Electronic and Class Action Discovery
Electronic (or e-) discovery and class action discovery have revolutionized Rule 26 of the Federal Rules of Civil Procedure and its ensuing implementing rules. Electronic communication has become so pervasively the prescribed currency of ordinary business and personal discourse that vast amounts of contemporaneously-created information and documentation that simply did not exist before the electronic communications revolution are now available to shed light on every conceivably relevant aspect of legally significant events. The amount of information that has become available electronically (electronically stored information, or ESI), in turn, is so enormous—and so permanent in character—that an entire jurisprudence is developing around the obligation to preserve metadata, the consequences of failure to do so, the allocation of responsibility between litigating parties to bear the enormous cost of extracting and producing this information and even broader conceptual issues like whether traditional doctrines like the statute of limitations and laches should be adjusted to account for the ubiquity and permanency of metadata.

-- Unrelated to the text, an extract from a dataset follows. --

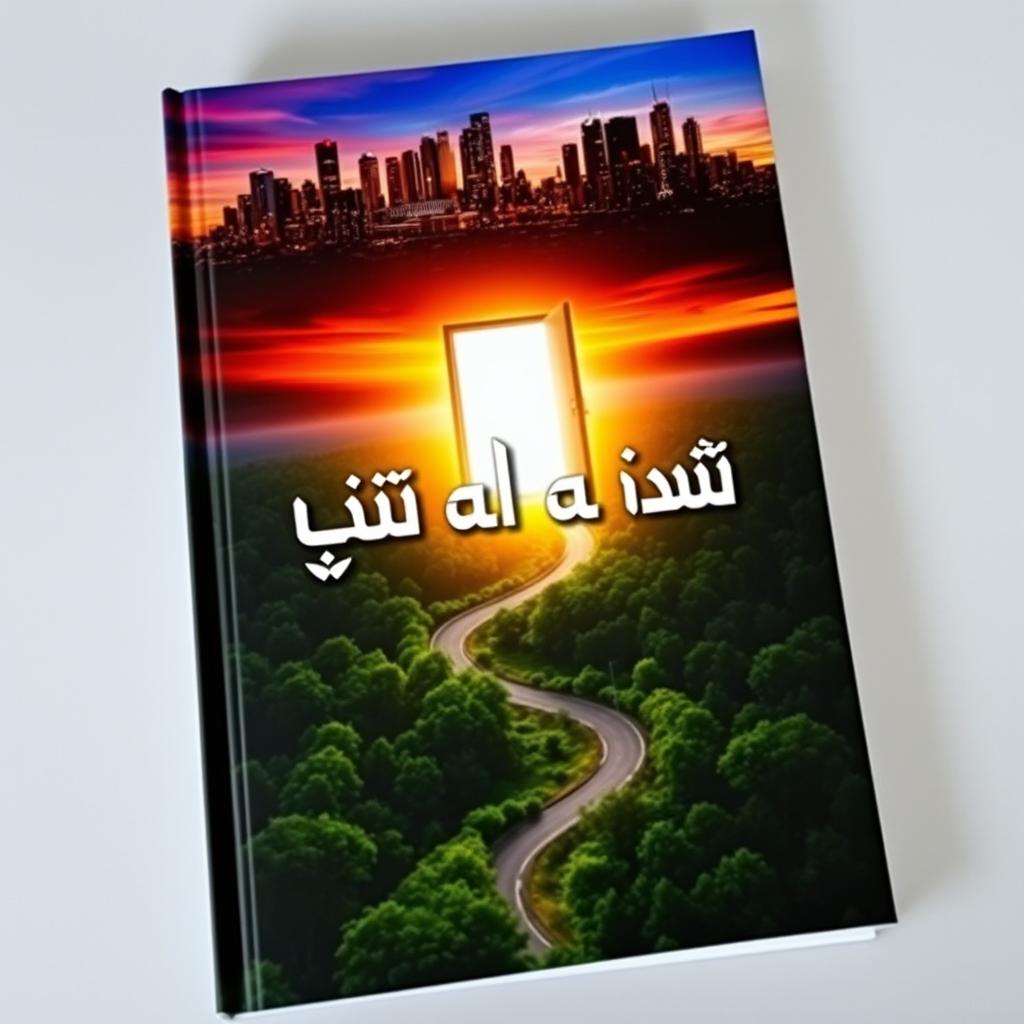 A captivating book cover featuring a skyline of a city at dusk at the top, rich with vibrant colors to symbolize an urban and contemporary theme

In tandem with the explosion of jurisprudence relating to electronic discovery has been the creation of similar jurisprudence surrounding the maintenance of class actions. At the forefront of class certification jurisprudence is burgeoning case law and rulemaking regarding the permissible scope of discovery in class actions. What pre-certification discovery is appropriate to determine whether a class is suitable? May pre-certification discovery implicate the merits of a dispute, or must it be restricted to discovery which goes only to the issue of whether the criteria of Rule 23 have been met? Who should bear the burden of expense for conducting this discovery? To what extent is electronic discovery available in putative class actions, and are the operative rules pertaining to the availability of electronic discovery different when discovery can be conducted as to literally thousands of putative class members?

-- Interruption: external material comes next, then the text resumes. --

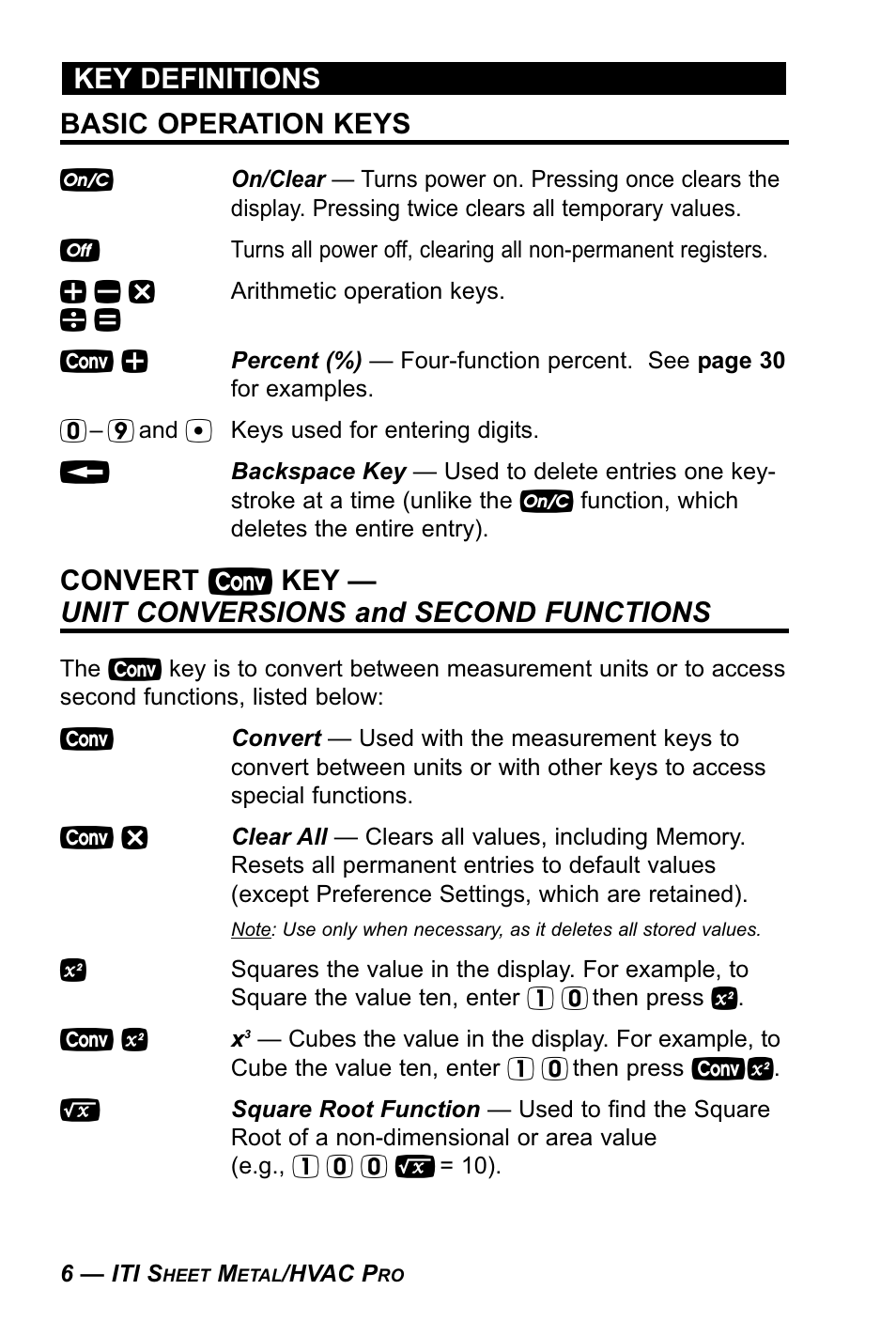 Basic operation keys, Key definitions | Calculated Industries 4090 User Manual | Page 7 / 123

Our course will examine electronic and class discovery comprehensively from the ground up. Our primary textbook will be Scheindlin et al’s “Electronic Discovery and Digital Evidence: Cases and Materials, 3d,” to be supplemented by cases and materials provided by the instructor to address specific class discovery issues and new and breaking developments in this highly fluid area of the law. In the e-discovery context, we will discuss the components of electronic discovery; the obligation to preserve, collect and produce information and the time when that obligation that begins; the sources of ESI; the principles promulgated by the Sedona Conference which have guided the development of the jurisprudence; judicially-approved techniques for the extraction of this data; and the sanctions for failure to preserve or produce evidence. In the class action context, we will discuss the contours of the discovery rules as they apply to class actions; the limits of relevancy in the class certification context; the jurisprudence which has developed regarding the permissible scope of inquiry at the pre-certification and post-certification stage of discovery; and the unique issues posed by seeking electronic discovery in the class action setting.
Since much of discovery practice pertaining to electronic and class discovery involves weighing competing considerations of relevance on the one hand and burden and expense on the other, the course will emphasize both the theory and the practice pertaining to these forms of discovery.